## TASK TO COMPLETE
Could you repeat the listing exactly, leaving out the pictures?

## GIVEN DATA
+ + + +

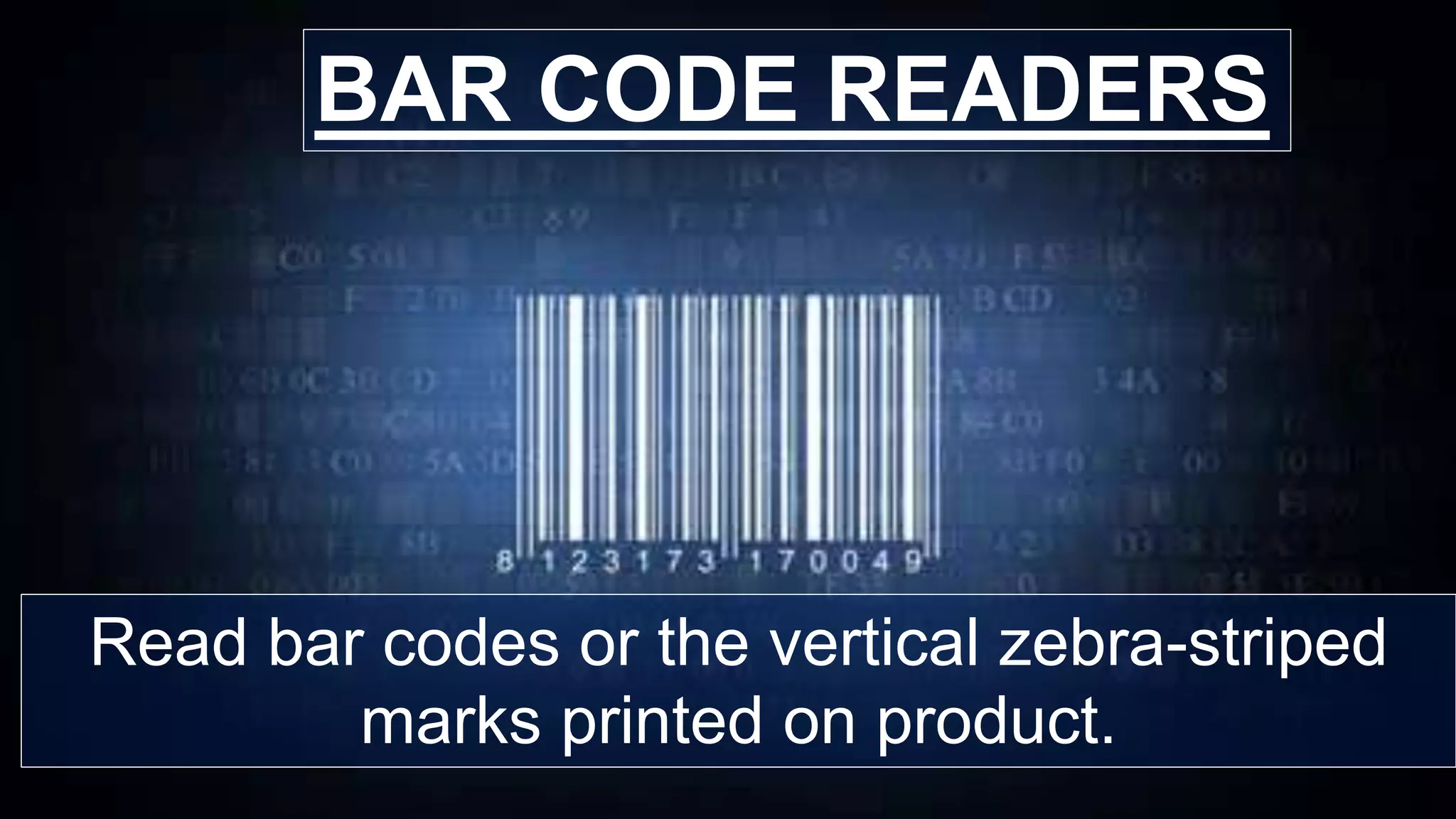 Read bar codes or the vertical zebra-striped
marks printed on product.
BAR CODE READERS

+ + + +

## RESULT OF THIS EXERCISE
 Read bar codes or the vertical zebra-striped
marks printed on product.
BAR CODE READERS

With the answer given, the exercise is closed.